Aviation authorities in Tajikistan and Russia are once again engaging in a seasonal battle of wills that may produce no winners, but will certainly leave innumerable hard-up Tajik migrant laborers counting their losses.
This time, the story began on March 12, when Tajikistan’s Transportation Ministry suddenly denied Yekaterinburg-based Ural Airlines permission to operate five routes connecting cities in the two countries.
The ostensible reason for this floated by Tajik aviation officials is that Ural Airlines is acting beyond the confines of a bilateral agreement granting Tajik and Russian air companies equal numbers of flights between the countries.
Since Tajik airlines — Tajik Air and Somoni Air — simply have no spare capacity to add further routes, Ural Airlines had little way to negotiate its way out of the impasse.
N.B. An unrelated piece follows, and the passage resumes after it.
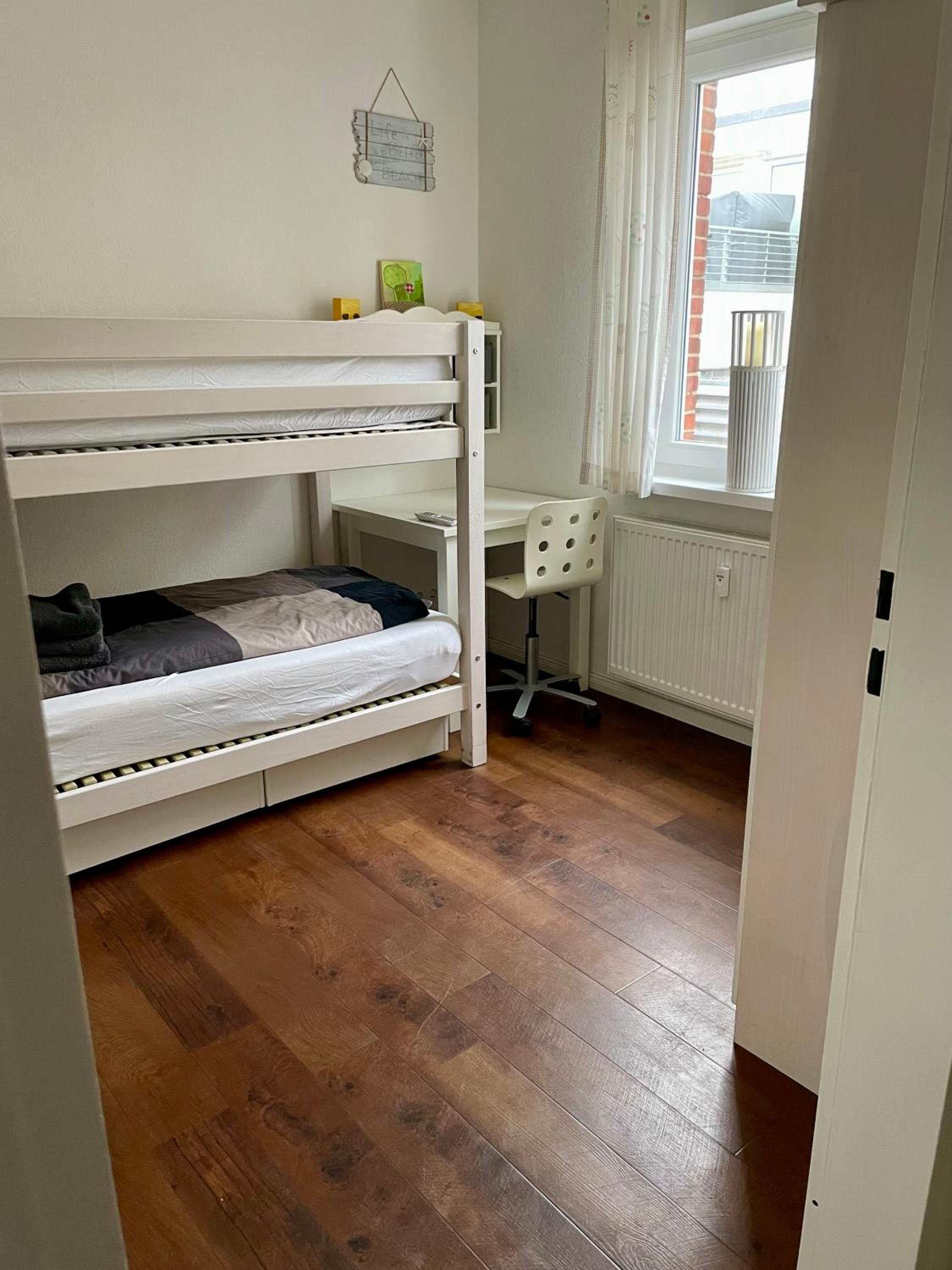Geschmackvolle Ferienwohnung zentral und strandnah gelegen. WLAN kostenlos.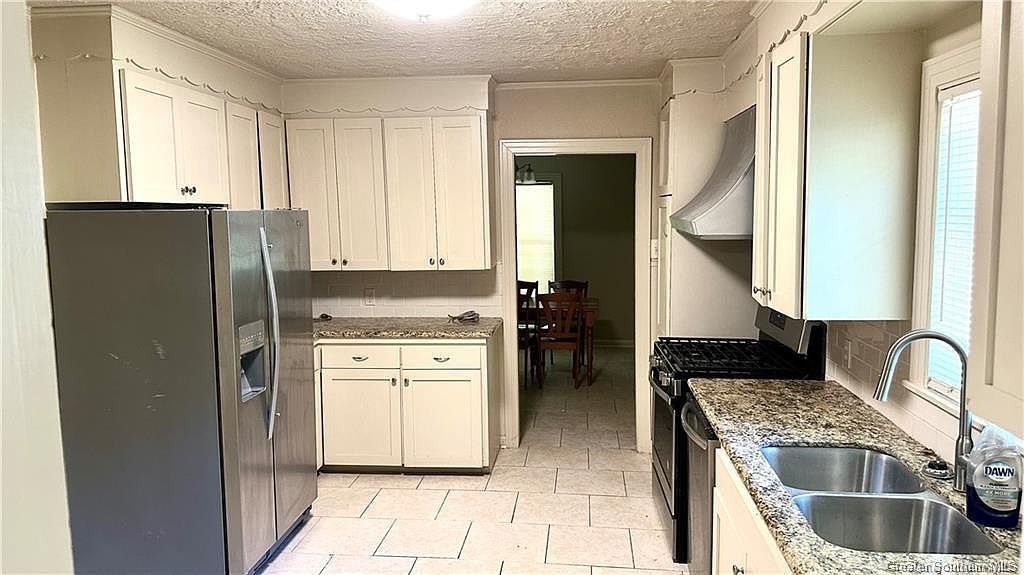 2000 Rose St Lake Charles, LA 70601 - Thumbnail 3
So the Russian government came to the company’s aid on March 19 by punitively adjusting the flight plans of the two Tajik airlines in such a way that added an hour to their routes, with obvious cost implications.
Predictably, Dushanbe followed suit two days later by requiring similar flight path changes to Russian airlines operating routes to Tajikistan, which also include UTAir and S7.
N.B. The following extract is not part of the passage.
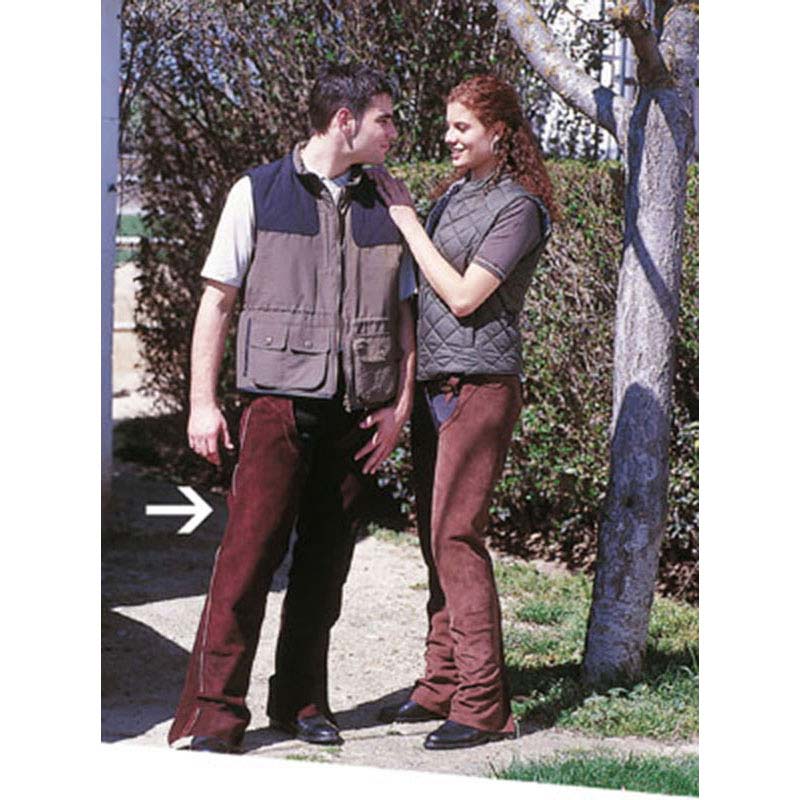 Homem e mulher com casacos e calças castanhas ao ar livre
Tajik aviation officials then went one further by declining to approve Ural Airlines’ summer flight schedule. Every six months, Tajikistan switches over to a summer flight schedule, which covers a period from March 26 to October 26.
As a result, Ural Airlines planes due to fly out from Yekaterinburg to Dushanbe and Khujand on March 25 were left stranded on the runway. Around 300 passengers were forced to wait around for 13 hours while frenetic negotiations were held between aviation officials from both sides.
A company representative from Ural Airlines told Eurasianet on condition of anonymity that the summer schedule issue was pushed back by three days, pending more talks, which means that unless a permanent solution is found, anybody holding tickets from March 29 onward will be stuck.
“Aviation authorities from both countries are still in talks and they have not yet come to a shared position,” the airline representative said.
A Russian transportation official has stated in an interview that unless matters are satisfactorily resolved, Somon Air will lose it Russian flight privileges.
This is not the first time this has happened. In November 2016, Tajikistan stripped Russia’s Yamal Airlines of its right to fly to Dushanbe and Khujand, citing similar parity issues to those being raised now. When Russia took aim at Somon Air, a resolution was swiftly found.
While Tajikistan argues that by enforcing international agreements, it is protecting the interests of its companies, what is also certain is that limiting competition invariable drives up prices for travelers. Tajik migrant laborers go abroad — predominantly to Russia — to earn money to send home, but their government is contriving to make that ever more difficult.